Nile Breweries Limited, a Ugandan brewery announced this past November that their website had been hacked. The hacker removed and altered sections of the brewer’s website and discovered what appeared to be a secret beer recipe yet to be produced in the company’s files. The hacker then uploaded a video to Nile Breweries’ website stating “here is my demand - Produce this beer immediately, or the formula goes public. You have 24 hours”. Some have speculated that the whole incident is a marketing stunt staged by Nile Breweries Limited, but the company denies this claim.

Within the same month, Waterloo Brewing of Kitchener, Ontario announced that they had lost $2.1 million in a social engineering scam. The attackers impersonated a creditor employee and raised a fraudulent transfer request. By the time the brewery had realized the mistake it was too late, though no systems were breached or customer information exposed.

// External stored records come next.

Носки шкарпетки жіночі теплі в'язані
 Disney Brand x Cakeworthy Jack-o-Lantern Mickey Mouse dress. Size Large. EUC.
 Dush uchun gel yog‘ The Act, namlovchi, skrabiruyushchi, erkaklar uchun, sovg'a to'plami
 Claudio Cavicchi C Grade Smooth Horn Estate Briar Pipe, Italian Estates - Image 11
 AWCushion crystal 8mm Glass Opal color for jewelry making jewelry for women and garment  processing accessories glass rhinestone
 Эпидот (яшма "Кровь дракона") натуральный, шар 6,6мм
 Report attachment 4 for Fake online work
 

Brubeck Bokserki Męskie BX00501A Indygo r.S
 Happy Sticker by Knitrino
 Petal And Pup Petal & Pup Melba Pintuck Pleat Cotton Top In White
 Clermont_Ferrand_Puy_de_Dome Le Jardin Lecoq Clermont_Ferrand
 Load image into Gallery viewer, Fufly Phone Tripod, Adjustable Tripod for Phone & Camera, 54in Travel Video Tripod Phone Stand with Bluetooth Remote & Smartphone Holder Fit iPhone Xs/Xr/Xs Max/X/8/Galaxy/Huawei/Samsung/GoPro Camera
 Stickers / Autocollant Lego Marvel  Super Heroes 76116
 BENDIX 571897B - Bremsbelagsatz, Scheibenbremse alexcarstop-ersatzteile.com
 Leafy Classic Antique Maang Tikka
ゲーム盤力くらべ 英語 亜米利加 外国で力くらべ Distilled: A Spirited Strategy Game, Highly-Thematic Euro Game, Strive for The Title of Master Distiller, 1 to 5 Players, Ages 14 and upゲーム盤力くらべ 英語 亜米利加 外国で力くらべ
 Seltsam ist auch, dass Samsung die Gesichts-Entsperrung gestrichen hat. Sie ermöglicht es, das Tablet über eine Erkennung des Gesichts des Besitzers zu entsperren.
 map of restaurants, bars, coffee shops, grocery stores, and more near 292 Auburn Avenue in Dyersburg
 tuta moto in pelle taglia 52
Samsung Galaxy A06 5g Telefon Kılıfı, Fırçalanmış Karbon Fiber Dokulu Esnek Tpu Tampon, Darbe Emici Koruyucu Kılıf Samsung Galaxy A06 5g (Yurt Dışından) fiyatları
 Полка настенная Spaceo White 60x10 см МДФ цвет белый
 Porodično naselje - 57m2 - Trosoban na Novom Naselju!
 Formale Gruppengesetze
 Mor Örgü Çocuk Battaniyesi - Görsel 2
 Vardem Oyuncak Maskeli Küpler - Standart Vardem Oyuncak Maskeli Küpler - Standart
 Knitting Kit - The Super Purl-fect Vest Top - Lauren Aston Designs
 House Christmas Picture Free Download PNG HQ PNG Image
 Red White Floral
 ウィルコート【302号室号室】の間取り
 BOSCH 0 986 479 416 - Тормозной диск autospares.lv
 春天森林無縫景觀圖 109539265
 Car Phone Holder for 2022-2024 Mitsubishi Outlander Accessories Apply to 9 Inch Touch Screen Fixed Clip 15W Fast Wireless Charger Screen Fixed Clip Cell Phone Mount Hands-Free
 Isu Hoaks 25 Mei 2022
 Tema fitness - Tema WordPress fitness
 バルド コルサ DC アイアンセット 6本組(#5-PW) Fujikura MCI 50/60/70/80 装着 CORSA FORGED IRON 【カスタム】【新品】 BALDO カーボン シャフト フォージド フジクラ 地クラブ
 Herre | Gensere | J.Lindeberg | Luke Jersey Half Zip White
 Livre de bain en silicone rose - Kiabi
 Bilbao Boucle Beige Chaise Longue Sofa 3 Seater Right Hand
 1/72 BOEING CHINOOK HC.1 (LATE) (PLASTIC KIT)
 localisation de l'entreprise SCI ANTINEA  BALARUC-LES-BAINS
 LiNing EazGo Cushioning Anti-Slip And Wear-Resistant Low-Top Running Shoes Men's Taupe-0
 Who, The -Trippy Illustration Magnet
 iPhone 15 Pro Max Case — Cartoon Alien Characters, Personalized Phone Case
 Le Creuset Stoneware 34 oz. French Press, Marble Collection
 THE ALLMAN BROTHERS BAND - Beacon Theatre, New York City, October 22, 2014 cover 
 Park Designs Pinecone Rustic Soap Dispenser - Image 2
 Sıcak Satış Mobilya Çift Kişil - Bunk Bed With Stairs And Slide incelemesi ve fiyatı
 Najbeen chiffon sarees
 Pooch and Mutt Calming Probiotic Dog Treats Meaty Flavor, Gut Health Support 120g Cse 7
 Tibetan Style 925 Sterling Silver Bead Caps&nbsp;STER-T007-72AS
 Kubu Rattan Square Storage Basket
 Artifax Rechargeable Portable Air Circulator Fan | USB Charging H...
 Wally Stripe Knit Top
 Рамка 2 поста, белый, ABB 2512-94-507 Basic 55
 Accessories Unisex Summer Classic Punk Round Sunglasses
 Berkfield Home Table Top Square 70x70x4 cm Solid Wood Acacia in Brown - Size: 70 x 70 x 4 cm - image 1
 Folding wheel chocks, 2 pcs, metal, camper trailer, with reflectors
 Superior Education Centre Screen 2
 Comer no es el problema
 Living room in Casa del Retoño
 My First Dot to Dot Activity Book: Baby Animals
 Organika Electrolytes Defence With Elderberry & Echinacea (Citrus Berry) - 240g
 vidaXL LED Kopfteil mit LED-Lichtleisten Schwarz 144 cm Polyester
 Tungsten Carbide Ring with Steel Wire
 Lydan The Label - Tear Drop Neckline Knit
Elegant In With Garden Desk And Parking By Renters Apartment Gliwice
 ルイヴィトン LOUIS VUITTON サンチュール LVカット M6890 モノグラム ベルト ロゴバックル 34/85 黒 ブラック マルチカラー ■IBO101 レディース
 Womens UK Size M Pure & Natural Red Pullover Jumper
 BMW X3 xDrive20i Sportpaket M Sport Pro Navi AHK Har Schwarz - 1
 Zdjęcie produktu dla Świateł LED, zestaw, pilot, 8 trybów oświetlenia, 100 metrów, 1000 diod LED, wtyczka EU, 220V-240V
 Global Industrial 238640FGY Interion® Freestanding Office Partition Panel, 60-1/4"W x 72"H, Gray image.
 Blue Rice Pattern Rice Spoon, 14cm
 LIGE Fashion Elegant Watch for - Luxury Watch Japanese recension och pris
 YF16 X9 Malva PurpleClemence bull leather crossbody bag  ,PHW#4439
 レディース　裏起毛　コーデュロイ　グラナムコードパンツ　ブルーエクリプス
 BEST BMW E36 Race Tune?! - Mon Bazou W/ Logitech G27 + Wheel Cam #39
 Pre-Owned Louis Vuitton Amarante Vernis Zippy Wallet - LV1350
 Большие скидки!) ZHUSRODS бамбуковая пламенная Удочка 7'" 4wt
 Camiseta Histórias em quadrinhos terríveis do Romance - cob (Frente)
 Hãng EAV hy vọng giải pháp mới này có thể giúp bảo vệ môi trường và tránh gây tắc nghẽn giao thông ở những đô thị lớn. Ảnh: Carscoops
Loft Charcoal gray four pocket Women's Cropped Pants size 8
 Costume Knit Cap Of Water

No industry is immune from the soaring increase in data security breaches – not even craft breweries. Too many small business owners believe they are too small to attract a hacker or fall victim to a breach. Kaspersky Lab has come out to say, “Cyber threats to industrial environments are fundamentally different to traditional threats that businesses or individuals may face both and in terms of complexity and the scale of potential damage, which can be disastrous”.

A lot of effort, time, resources, and money go into brewing good beer. Breweries, along with all organizations should work to protect their property and brand. Nothing travels faster than bad news, and nothing creates bad news faster than bad beer!